Pedestrian Safety
Halt | July 3, 2020 | 0 Comments

Pedestrian Safety Legislation Introduced to Protect High Schoolers

A bipartisan piece of legislation was introduced on January 14 that would expand federal funding to protect high school pedestrians. The bill seeks to widen the coverage of the Safe Routes to School Act, which originally only specified elementary and middle school children, and moves to call it Safe Routes to All Schools.

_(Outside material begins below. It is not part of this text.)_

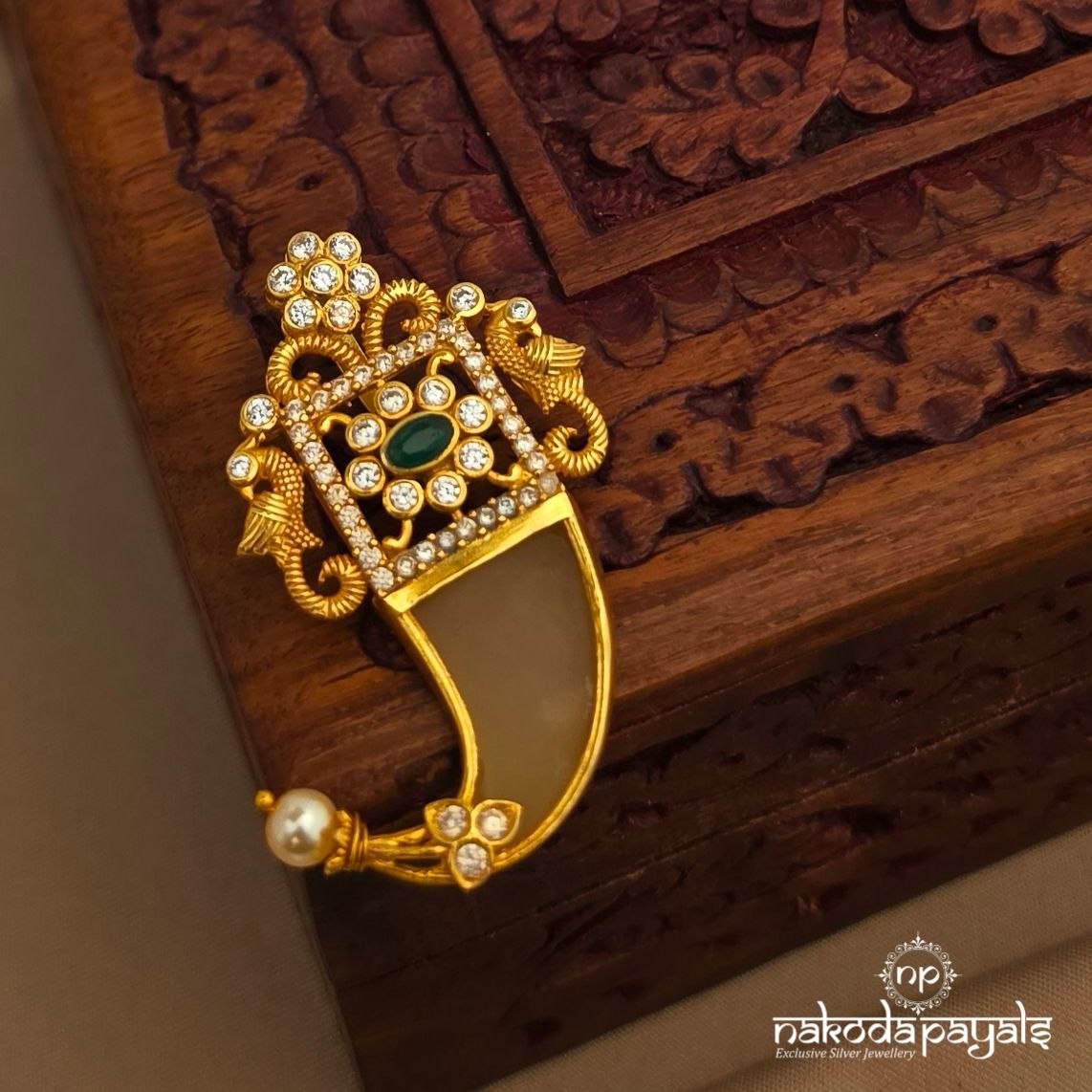 Puligoru Floral Pearl Pendant (Gp2580)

This legislation was brought by Senator Catherine Cortez Mastro (D-Nev.) and Senator Kevin Cramer (R-N.D.). The new bill proposes a change in the wording of the original act to include all elementary, middle, and high school students. This would ensure that the federal funding and Department of Transportation support that has been awarded to elementary and middle schools in the past would now be awarded to high schools around the country, too. Such a program would help improve infrastructure, increase safety tools and enforcement, as well as installing programs that would incentivize students to walk or bike to school.

Safe Routes to School Program

The original Safe Routes to School (SRTS) program was started in 2005 but has since developed through many legislative and policy changes. It was merged with other programs into the Transportation Alternatives Program (TAP) in 2012. The safe routes program works on the local level through the TAP, where practitioners run programs for communities.

The program works to encourage physical activity for kids by actively walking or biking to and from school. To achieve this, the program initiated city planning changes and infrastructure improvements that make it both easier and safer for people to walk and bike in that area.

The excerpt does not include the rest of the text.